Starring: Tom Litten (The Swimmer).
Swimmer
is a very odd short film by Lynne Ramsay – and it’s even odder considering it
was commissioned by the BBC and London Olympic Committee to celebrate the 2012
summer games in London. It is a film about a lone swimmer going across the
rivers and lakes in Britain, as some patriotic British music plays in the
background. We also get snippets of dialogue and music from British films –
like The Loneliness of the Long Distance Runner and the theme from Peter
Brook’s Lord of the Flies. The film is shot in stark, beautiful black and white
– as the young man cuts through the water.
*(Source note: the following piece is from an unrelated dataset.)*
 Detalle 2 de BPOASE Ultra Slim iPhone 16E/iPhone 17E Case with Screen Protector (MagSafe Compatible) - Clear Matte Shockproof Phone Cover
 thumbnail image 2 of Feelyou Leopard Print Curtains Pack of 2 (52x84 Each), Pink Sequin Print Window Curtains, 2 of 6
But the film becomes darker as it
goes along – children appear on the banks – they very well could have stepped
out Lord of the Flies –and while the swimmer eventually gets out of the water,
he also returns to it, and sinks underneath – not unlike the protagonist of
Ramsay’s first feature Ratcatcher – who dies either a literal or metaphorical
death at the end.
The
film appears to be a dream that turns into a nightmare – and like all of
Ramsay’s films, it remains ambiguous as to its meanings. This is perhaps the
only film of Ramsay’s that I don’t really know what to make of it. It’s a
haunting a beautiful film – you can see why it was acclaimed (it won the BAFTA
for best short film in 2012) and yet its point remains shrouded in mystery. For
a promotion film for the Olympics, the film seems almost impossibly dark. While
it starts out somewhat romanticizing the dedication of the athlete, who puts
everyone and everything outside himself when he’s swimming, it ends in a very
dark place about what that actually means. I cannot help but wonder what the
London Olympic Committee made of the film they helped pay for.
Whatever
Swimmer ultimately means – and even more than Ramsay’s other films, all of
which leave it up to the viewer to decide this one remains ambiguous. But damn
it if it isn’t haunting and beautiful jus the same. I may not be able to
describe the film adequately – but I won’t soon forget it either.